An Abdullah Abdullah-led government would have strained relations with Pakistan because he primarily represents tribes and interests that are suspicious of the Pashtuns and deeply suspicious of Pakistani intelligence meddling.

Ukraine: President Petro Poroshenko was sworn into office on 7 June. In his speech he said that Ukraine would never give up Crimea and would not stop seeking closer ties with the West. He also promised to end operations against the eastern separatists this week.

Comment: The separatists rejected an offer of a ceasefire and appear to have launched a counter-offensive. Most cities in Luhansk and Donetsk regions reported attacks by separatist forces. They included Mariupol, on the southern coast.

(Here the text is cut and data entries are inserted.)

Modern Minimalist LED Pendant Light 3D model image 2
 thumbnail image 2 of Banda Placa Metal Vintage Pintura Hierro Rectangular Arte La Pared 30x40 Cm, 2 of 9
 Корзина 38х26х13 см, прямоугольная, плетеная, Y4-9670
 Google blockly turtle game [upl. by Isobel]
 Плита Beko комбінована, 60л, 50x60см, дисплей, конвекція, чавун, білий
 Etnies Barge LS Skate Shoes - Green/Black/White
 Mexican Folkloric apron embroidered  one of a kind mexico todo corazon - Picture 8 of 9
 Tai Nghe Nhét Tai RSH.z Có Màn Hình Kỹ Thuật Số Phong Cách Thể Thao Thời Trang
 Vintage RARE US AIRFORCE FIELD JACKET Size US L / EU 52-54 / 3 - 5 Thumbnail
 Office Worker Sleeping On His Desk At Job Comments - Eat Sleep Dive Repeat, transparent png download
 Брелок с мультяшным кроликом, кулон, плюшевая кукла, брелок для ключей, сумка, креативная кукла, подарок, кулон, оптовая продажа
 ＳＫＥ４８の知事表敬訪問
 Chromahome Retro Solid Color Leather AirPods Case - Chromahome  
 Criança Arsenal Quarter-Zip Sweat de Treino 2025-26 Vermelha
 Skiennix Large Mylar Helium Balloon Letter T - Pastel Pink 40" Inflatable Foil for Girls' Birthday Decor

Forces loyal to the Kyiv regime supposedly had regained control of the city last month.

Egypt: On 8 June Retired Field Marshal Abdel Fattah al-Sisi was sworn in as president before the Supreme Constitutional Court in Cairo. In a speech on Sunday evening, he promised no reconciliation with criminals or with people who incited violence against civilians.

Comment: Al-Sisi's tone was stern and the message was directed at the Muslim Brotherhood. His priority is internal security, as the foundation of comprehensive development. His language suggests he considers himself as having saved the nation. There will be no outreach to his opponents.